Don Catlin said Friday that the test, announced a day earlier by baseball commissioner Bud Selig, is of limited use. In February, a British rugby league player became the first athlete suspended following a positive HGH test.

"The fact that it's been around for a few thousand tests and only one positive suggests that either there's much less growth hormone being used than we thought, which is doubtful, or the period of detectability is really pretty short - a few hours. It's probably the latter," said Catlin, adding detection probably would work only with "middle-of-the-night testing."

Players with minor league contracts will be given the blood test, which Selig called "a significant step."

Victor Conte, whose Bay Area Laboratory Co-Operative triggered a federal investigation of steroids use and distribution among athletes, also criticized the blood test. He said it would detect little and called it "flawed" because baseball will collect only postgame blood samples.

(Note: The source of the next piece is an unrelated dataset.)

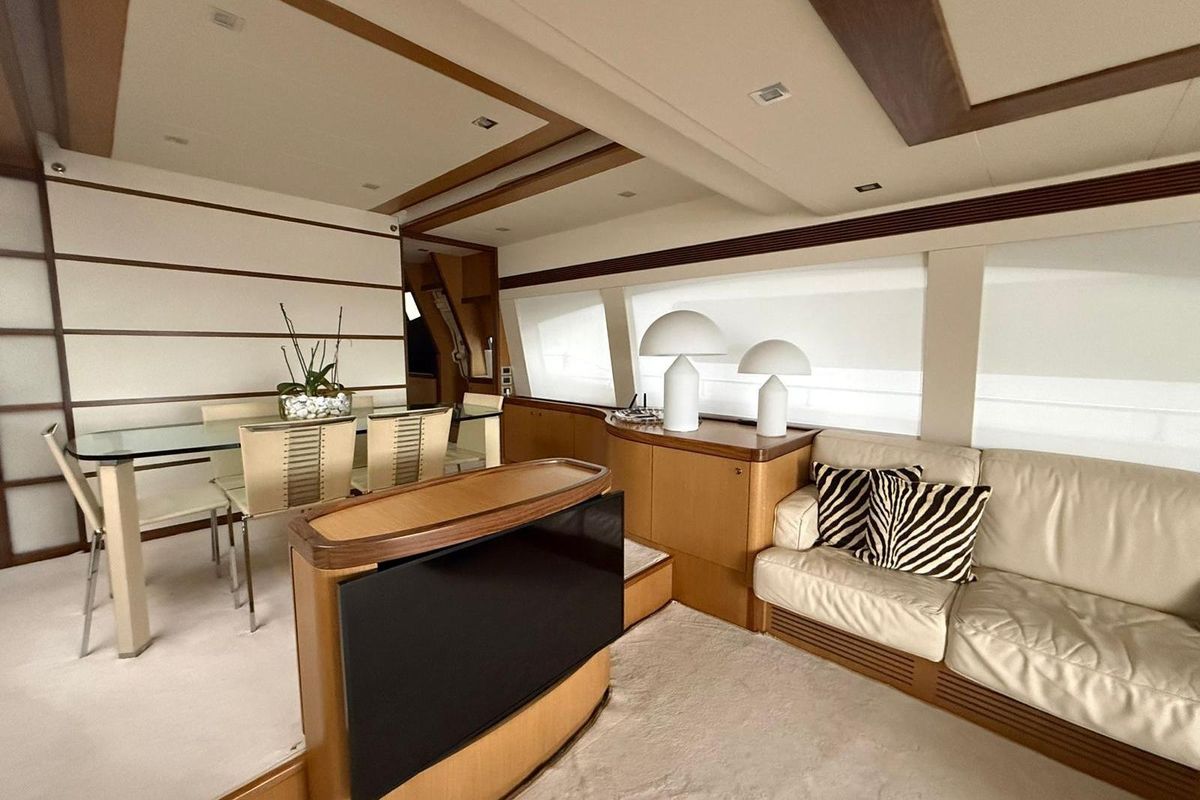 2007 Ferretti Yachts 74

"It wouldn't take much of an IQ for a player to circumvent this proposed HGH testing procedure," he wrote in an e-mail to The Associated Press. "A baseball player could possibly inject HGH as soon as leaving a ballpark and test negative from a blood sample collected postgame the following day. HGH injections are routinely done at night before bed, so a morning blood sample would be the target. The available test for HGH requires a random blood collection protocol to be considered anything more than a PR move by MLB."

Rob Manfred, baseball's executive vice president of labor relations, did not return a telephone call seeking comment.

Gary Wadler, who leads the World Anti-Doping Agency committee that determines the banned-substances list, said any test is better than none. Plus, he said HGH likely will be detected by it.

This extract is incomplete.